ENTRIES SHOWN:
****************
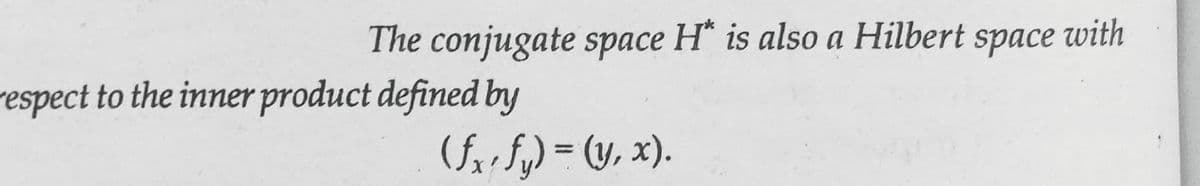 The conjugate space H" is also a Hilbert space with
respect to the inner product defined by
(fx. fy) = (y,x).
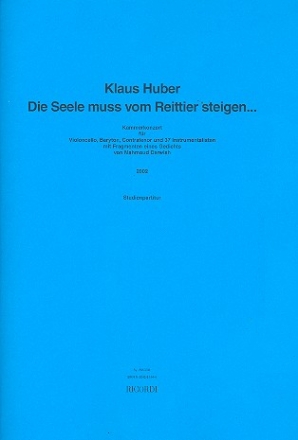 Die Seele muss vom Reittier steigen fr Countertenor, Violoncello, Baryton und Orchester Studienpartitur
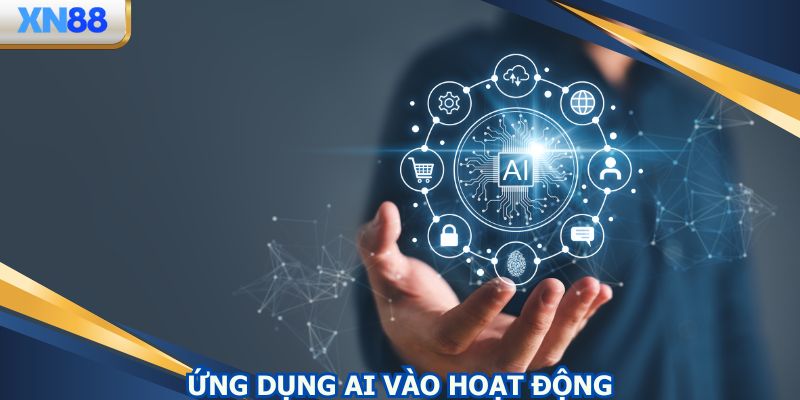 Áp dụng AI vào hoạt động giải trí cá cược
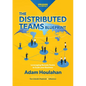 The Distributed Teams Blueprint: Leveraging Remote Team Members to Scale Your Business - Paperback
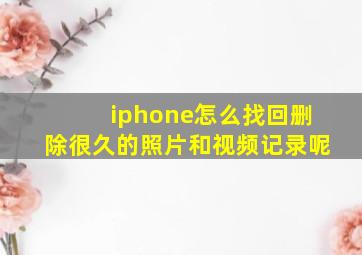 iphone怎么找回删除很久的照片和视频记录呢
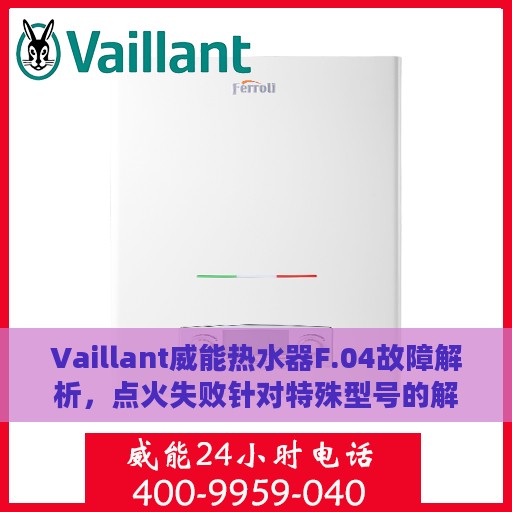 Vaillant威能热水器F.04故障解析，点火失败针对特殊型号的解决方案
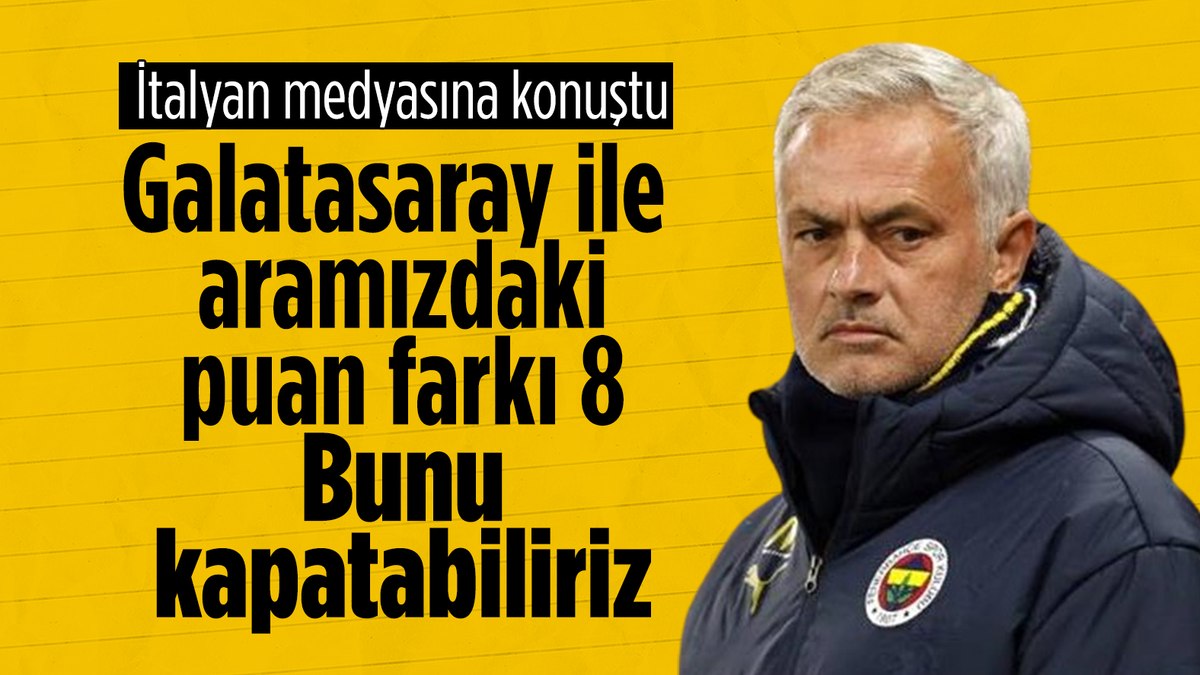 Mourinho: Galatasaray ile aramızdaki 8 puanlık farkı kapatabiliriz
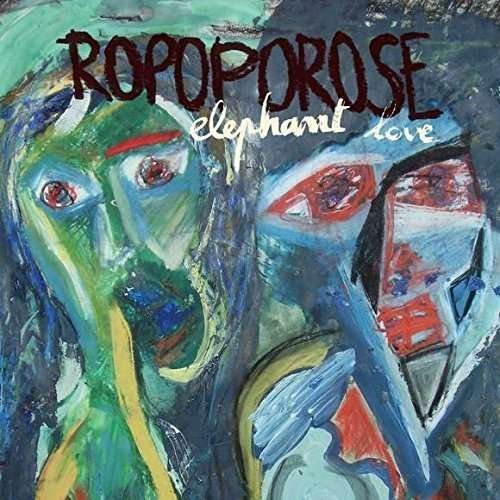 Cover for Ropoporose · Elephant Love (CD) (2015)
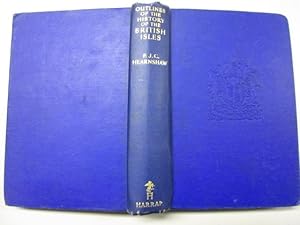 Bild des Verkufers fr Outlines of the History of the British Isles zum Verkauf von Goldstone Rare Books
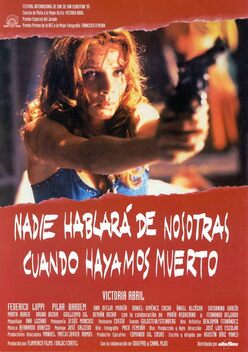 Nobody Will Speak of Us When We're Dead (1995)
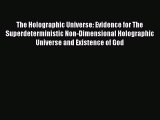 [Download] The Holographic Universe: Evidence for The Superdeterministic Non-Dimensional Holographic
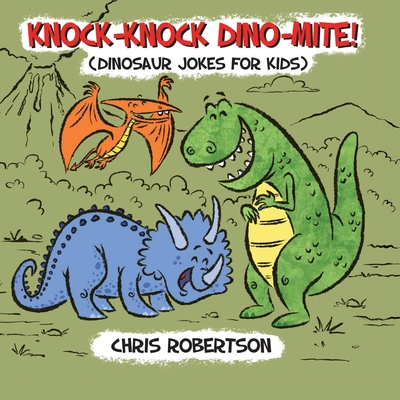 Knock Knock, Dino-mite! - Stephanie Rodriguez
****************
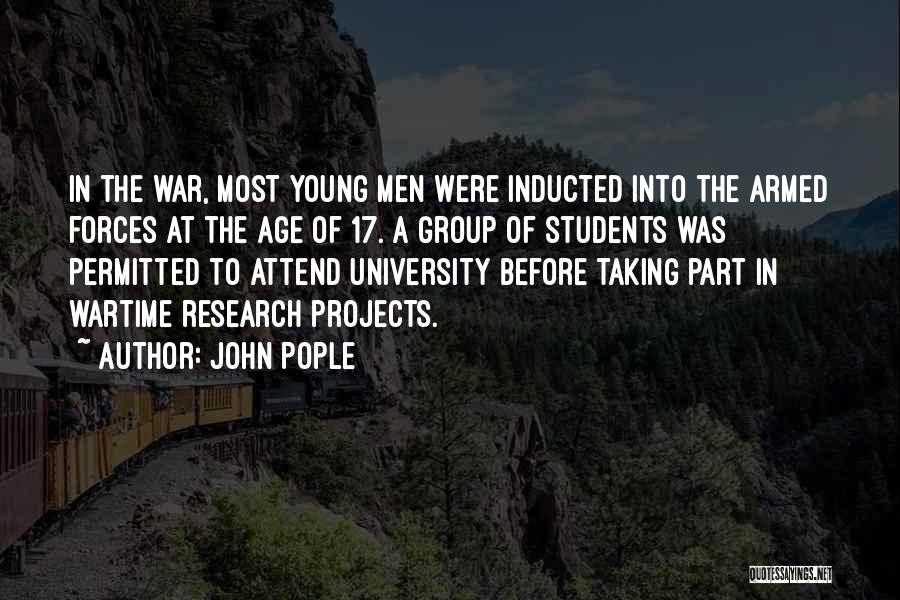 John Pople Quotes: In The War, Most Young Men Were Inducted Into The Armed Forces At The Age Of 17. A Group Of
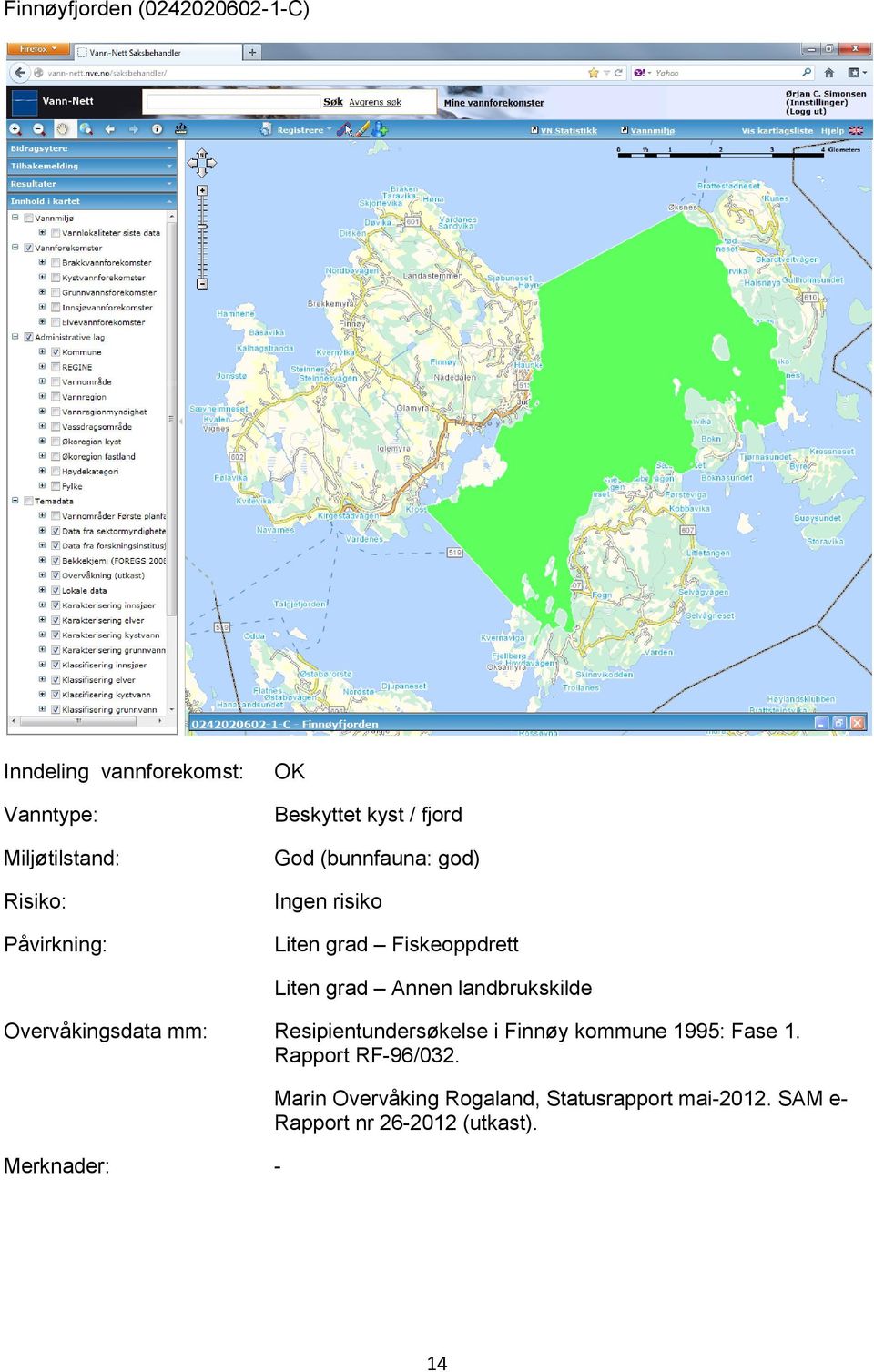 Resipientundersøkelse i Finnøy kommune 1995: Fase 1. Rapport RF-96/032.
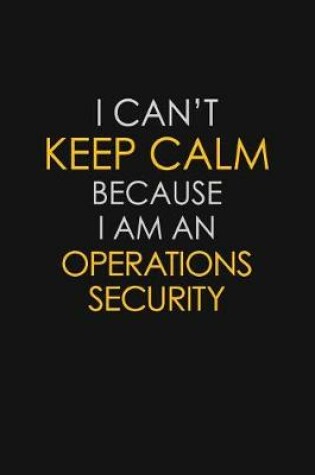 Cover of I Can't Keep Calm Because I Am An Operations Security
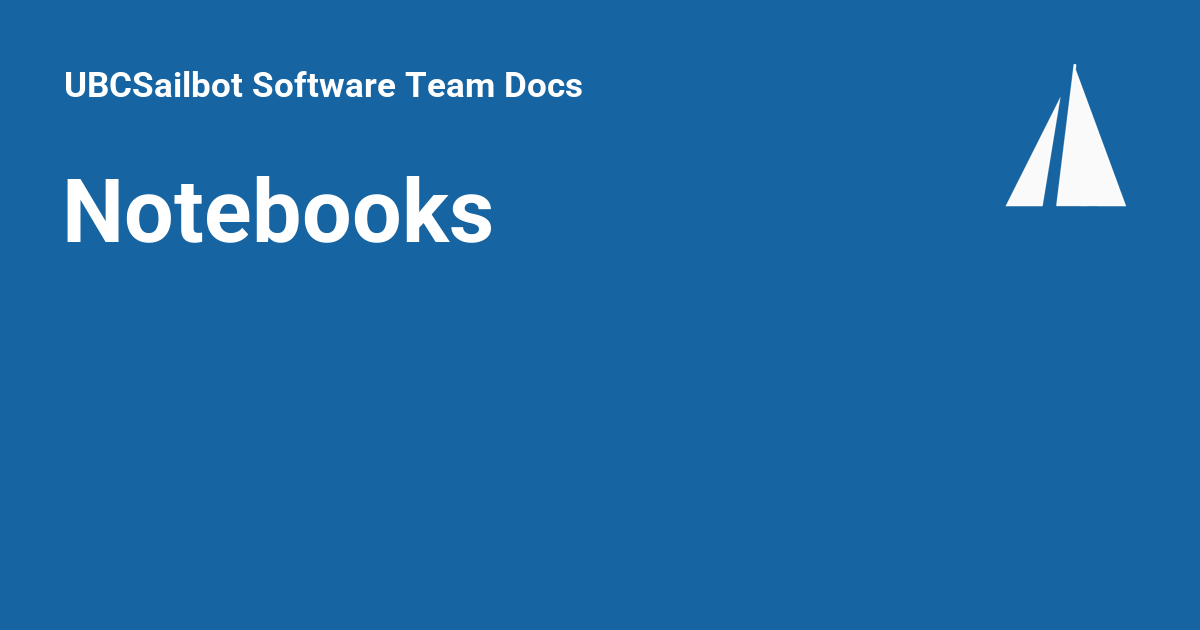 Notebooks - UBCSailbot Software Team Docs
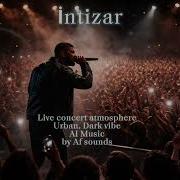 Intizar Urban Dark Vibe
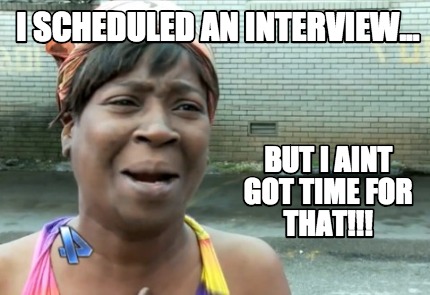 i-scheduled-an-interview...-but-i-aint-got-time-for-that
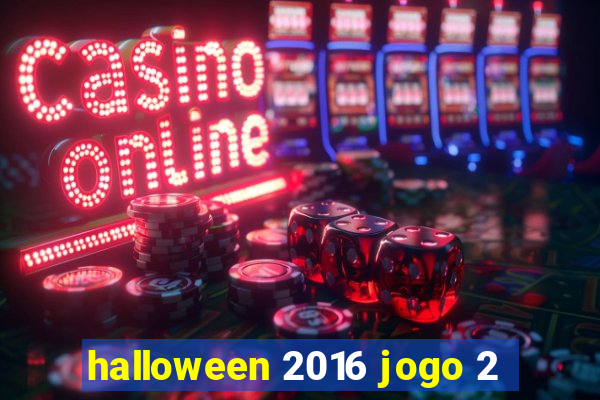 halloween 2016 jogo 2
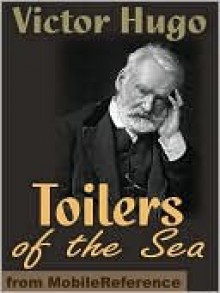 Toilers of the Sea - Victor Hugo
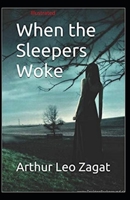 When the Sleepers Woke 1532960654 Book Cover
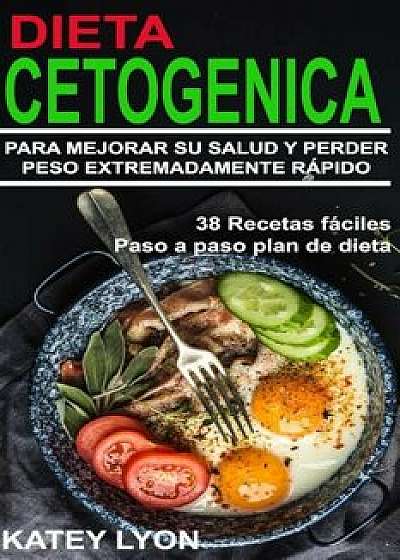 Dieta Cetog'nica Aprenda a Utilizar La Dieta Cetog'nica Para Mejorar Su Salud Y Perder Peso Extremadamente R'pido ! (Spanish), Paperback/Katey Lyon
****************
PROBLEM REQUIREMENTS: From the records above, copy exactly the stretch from the line holding "The conjugate space" through the line holding "Vaillant威能热水器F.04故障解析，点火失败针对特殊型号的解决方案", both ends included, without the pictures.

WORKED SOLUTION:
 The conjugate space H" is also a Hilbert space with
respect to the inner product defined by
(fx. fy) = (y,x).
 Die Seele muss vom Reittier steigen fr Countertenor, Violoncello, Baryton und Orchester Studienpartitur
 Áp dụng AI vào hoạt động giải trí cá cược
 The Distributed Teams Blueprint: Leveraging Remote Team Members to Scale Your Business - Paperback
 iphone怎么找回删除很久的照片和视频记录呢
 Vaillant威能热水器F.04故障解析，点火失败针对特殊型号的解决方案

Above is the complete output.